En cuanto a la música, la gurumballa escénica consiguió que la versión, salvo las casi siempre impecables intervenciones de los solistas y del coro, fuera áspera, pesante, poco aérea, tediosa y falta de misticismo y de espiritualidad en la orquesta. Bien es cierto que, como suele ser habitual, mantuvo el pabellón bastante alto, pero el nuevo fichaje americano anduvo falto de inspiración, de fervor y de intención solemne que aporta la tonalidad básica inicial de re menor. Un ejemplo entre muchos. James Gaffigan, como pedía Mutti en una entrevista en Il corriere della sera debería estudiar latín. El fulgor del «Et lux perpetuam» del Introito no fue ni refulgente ni radiante, sino más bien opaco. Pensemos que aunque Mozart no pide un fuerte, porque no es preceptivo, sí que pone en los cuatrillos del «tua» un lúcido resplandor y en el silencio de blanca a del primer «luceat,» pone una P, muy clara lo cual es evidencia de que las palabras anteriores requieren más lustre. En Mozart hay una espiritualidad y un anhelo divino que no se patentizó para nada en una lectura sórdida y con más congoja que devoción pietista. Buenos ejemplos los tiene el maestro de Illinois en la versión muy del momento de Teodor Currentzis, o en las más clásicas de Gardiner, Harnoncourt, Herreweghe o Bernius.

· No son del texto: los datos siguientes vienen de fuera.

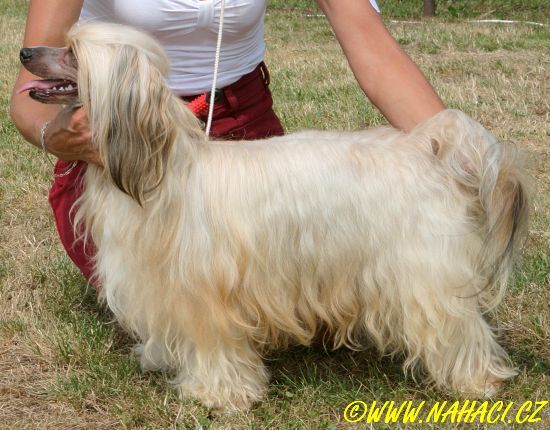 Fredericus Kalis z Treste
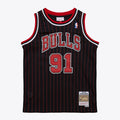 Chicago Bulls Dennis Rodman Youth 1995/96 Swingman Jersey product image 1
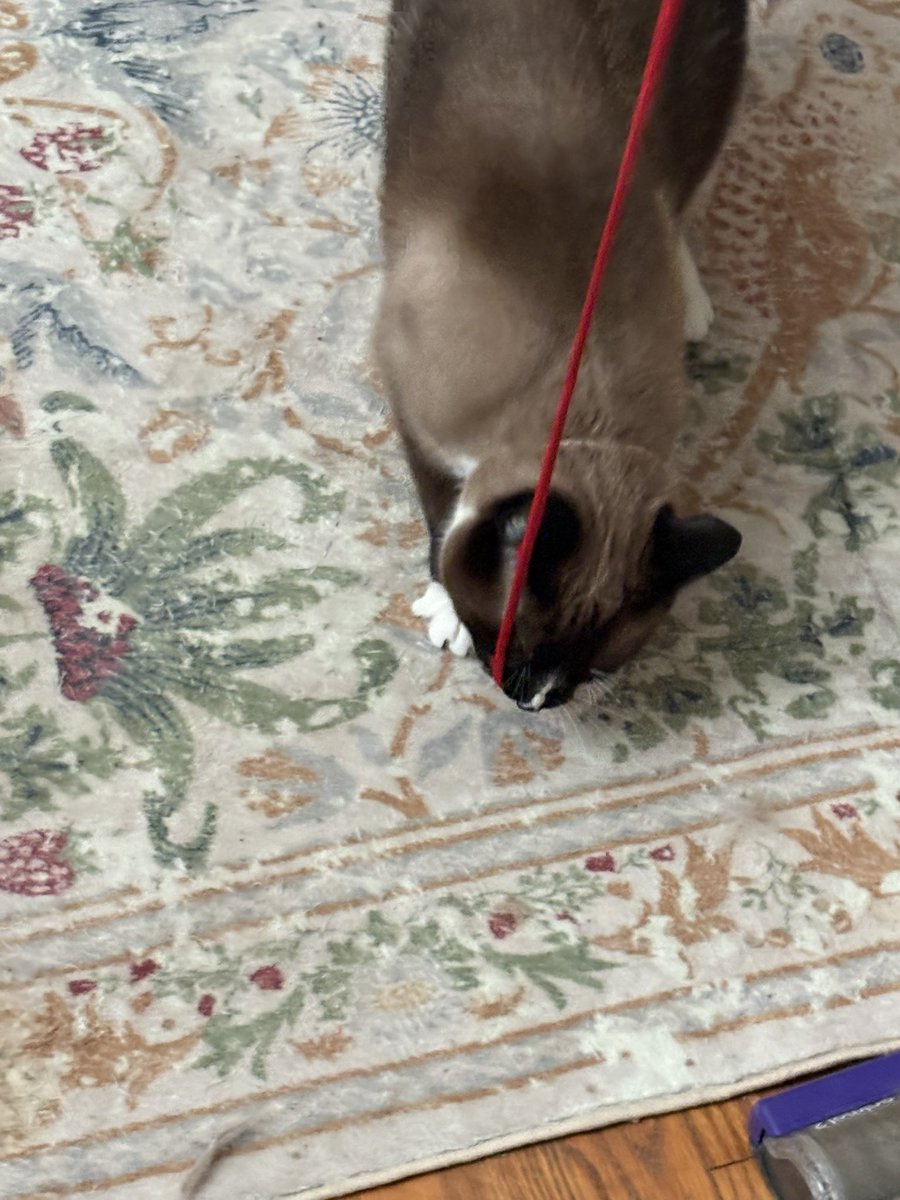 SuzanneDelle's tweet photo. @Csvich Red string time! https://t.co/5Zt9IllT5F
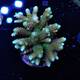 Acropora Millepora Rainbow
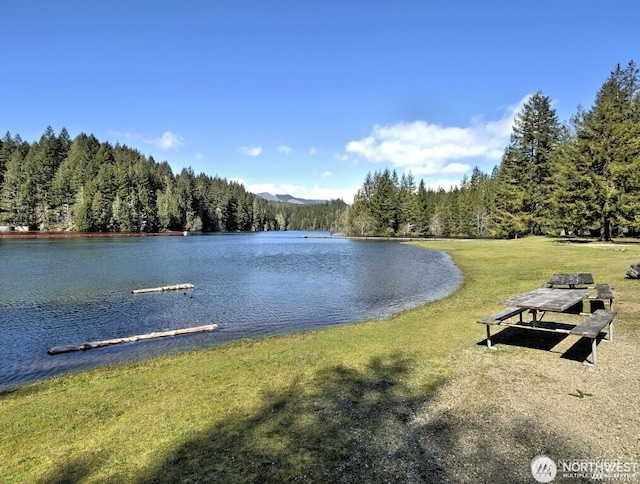 91N Gadwall Pl N, Hoodsport, WA 98548 - water view featuring a forest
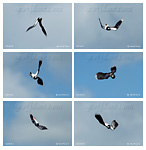 sequence of lapwing in rolling flight display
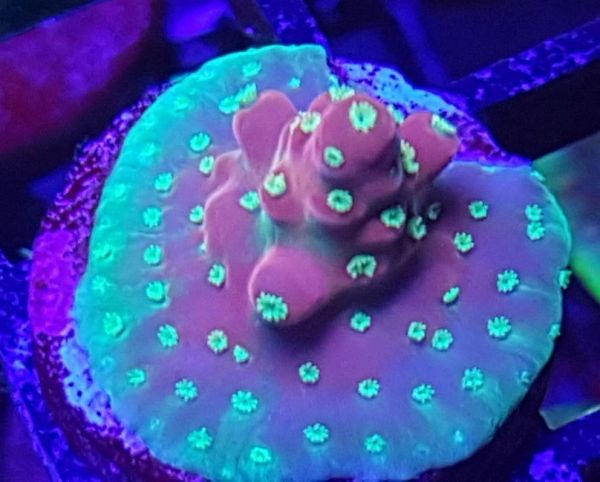 JF Frankie&#x27;s Neophobia Acro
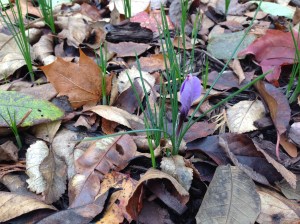 One of the two crocuses that bloomed already. Seriously, it bloomed after there had been two good frosts. I was amazed.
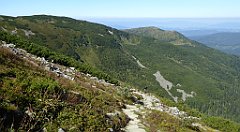 0305_TZ60_P1140422_cr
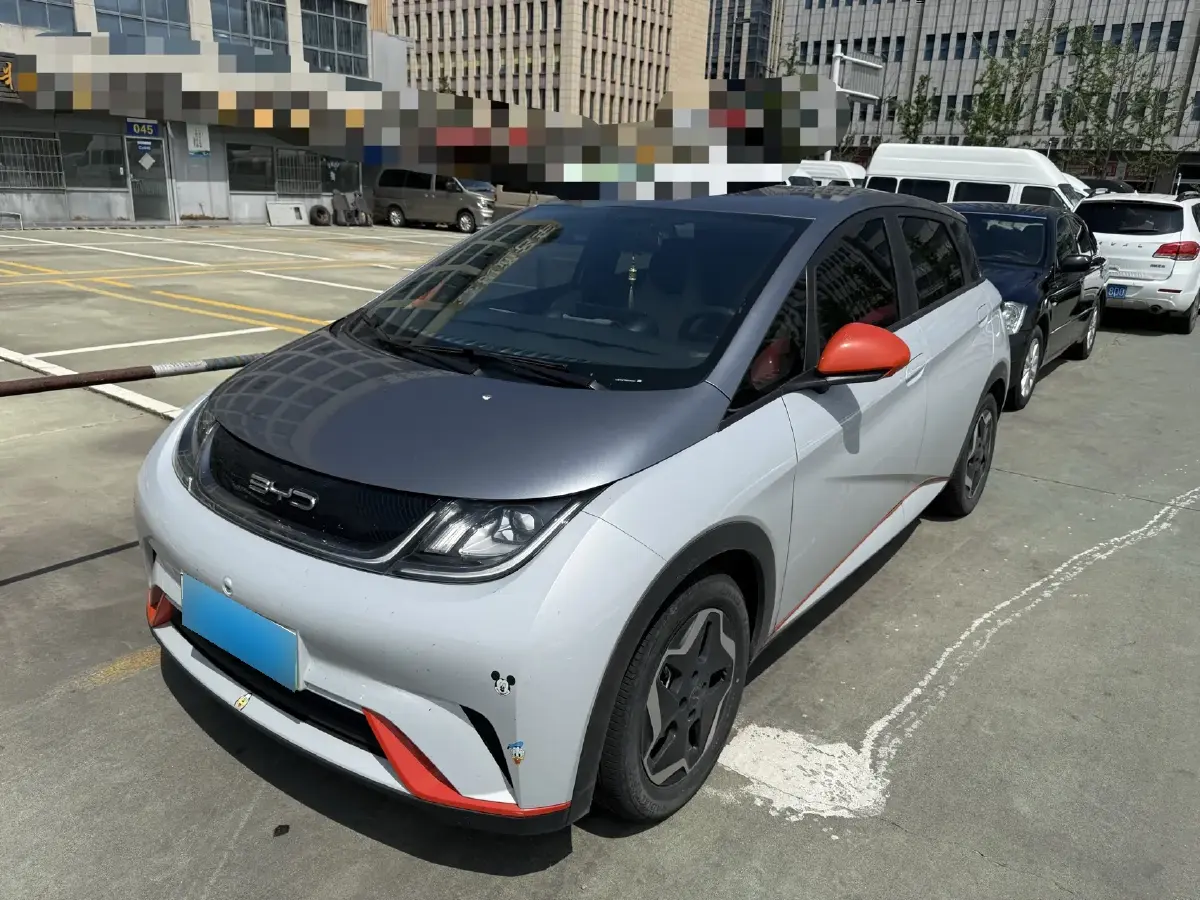 2021 BYD Dolphin BEV 44.9KWH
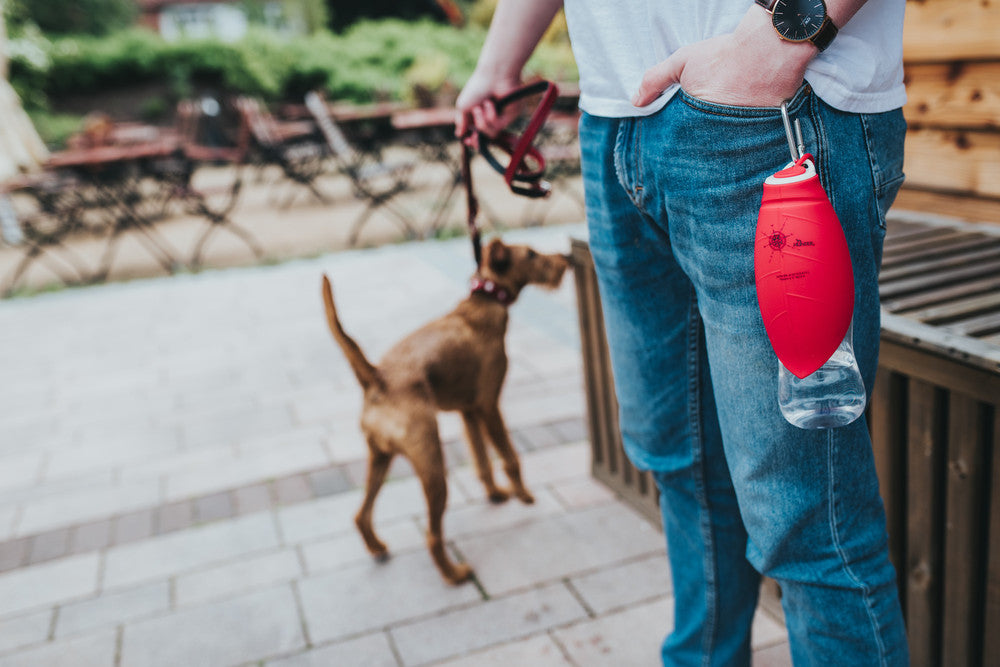 LIST Drinking bottle - Hunter-petstore -2-in 1 drinking bottle with bowl -with food-safe silicone bowl -ideal for traveling and on the road -pouring device also separately applicable to commercially available bottles -easy to clean and washable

Otra cosa es que el coro que no desafina ni aun queriendo hacerlo. La fuga del «Quam olim Abrahӕ» y el contrapunto del Benedictus, fueron un modelo de métrica y afinación, en su compleja cuadratura y el fragmento a capella del Miserere. La cantidad de piruretovetas que les obligaron a hacer a sus componentes les obligaron a cantar en unas condiciones perjudiciales y lamentables, y en muchas ocasiones mirando al foro con lo que el esplendor de sus emisiones tendía a perderse. Con todo, sin duda fueron la referencia elogiable de la noche. Cuando sus componentes y su director, el maestro Francesc Perales pisaron el escenario por última vez, los aplausos más sonoros del respetable se los llevaron con plena justicia. Dignos los cantantes con una Tsallagova sugestiva en su reverente lirismo, una Mingardo con la lección muy bien aprendida y un prodigio de sensibilidad (dentro de lo que le dejaron las adversas circunstancias), un Kohlhep muy instituido en el Kirie y en el anímico Lacrimosa y un Di Pierro de amplísimo y denso fiato en el Tuba Mirum.
Sé que este comentario pondrá incrementará la bilis a los intelectuales progres y me pondrán al caer de un burro. Se me importa un ardite. Tengo el mismo derecho que ellos a expresar mi opinión, por más que sea contraria a su olimpo especulatífico. A mí me gusta llamar las cosas por su nombre, al pan, pan y al vino, «Vega Sicilia».
Atacumpti, collaineri ontris comandurri. Es decir, los experimentos con gaseosa.